Breeding insect resistance into popcorn and sweet corn is becoming an increasingly important goal as more and more pesticides for food crops are taken off the market. In the Pacific Northwest, the advent of popcorn hybrids resistant to corn earworm could accelerate a trend toward increasing acreages of popcorn grown for food. Last year, farmers in Washington and Oregon planted about 5,000 acres of edible popcorn.

Popcorn vendors may find corn grown in the Snake and Columbia River Valleys, where humidity is low, to be very desirable, says Reed. After drying naturally and uniformly in fields, it pops up ruffler and is unlikely to have many kernels that don't pop.--By Ben Hardin, ARS.
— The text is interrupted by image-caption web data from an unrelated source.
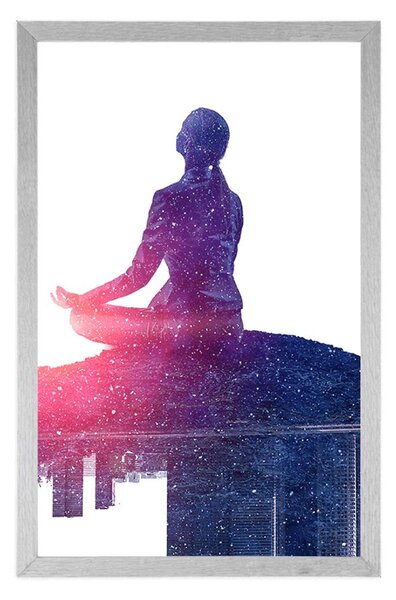 Plakát meditace ženy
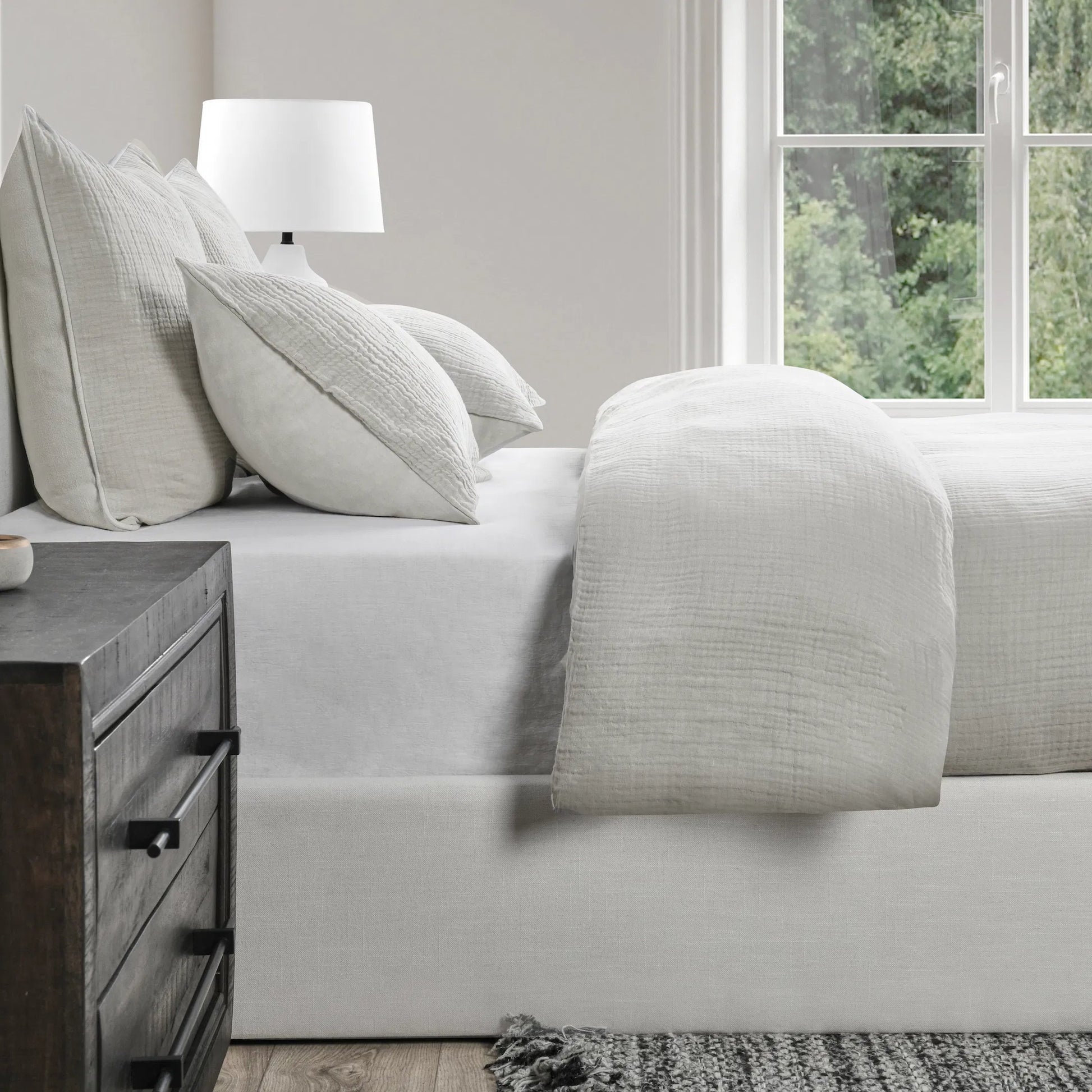 Cardiff White Duvet by Villa by Classic Home. Made from unique in a transitional style.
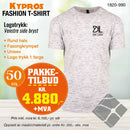 50 stk Fashion t-skjorte - Kypros, aske blend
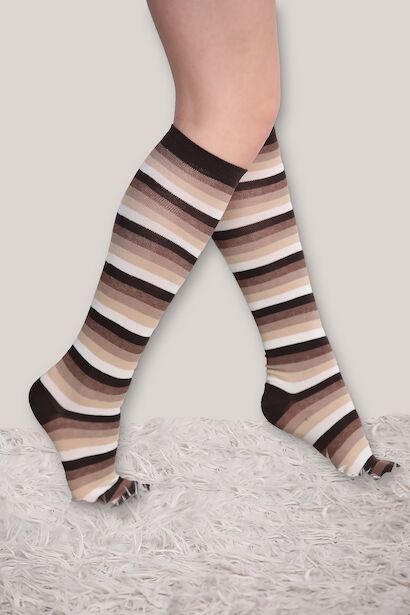 Kadın Diz Çorap  Kahverengi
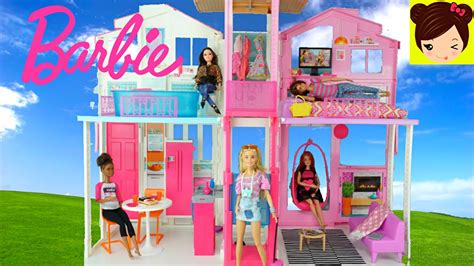Skyn care en casa barbie: Casa de Barbie de Tres Pisos 2016 - Decorando la Mansion ...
Richard L. Wilson is in the USDAARS Plant Introduction Research Unit, G212 Agronomy Bldg., Iowa State University, Ames, IA 50011. Phone (515) 294-8583, fax number (515) 294-4880.

Popcorn Potpourri

Americans consume 16.5 billion quarts of popped popcorn annually, according to The Popcorn Institute. Sales of unpopped popcorn grew to more than 1 billion pounds last year. Furthermore:

* About 30 percent of the popcorn is eaten outside the home in theaters, ballparks, schools, etc.

* One cup of unbuttered air-popped popcorn provides 1.3 grams of dietary fiber and about 27 calories-up to 126 calories if lightly buttered.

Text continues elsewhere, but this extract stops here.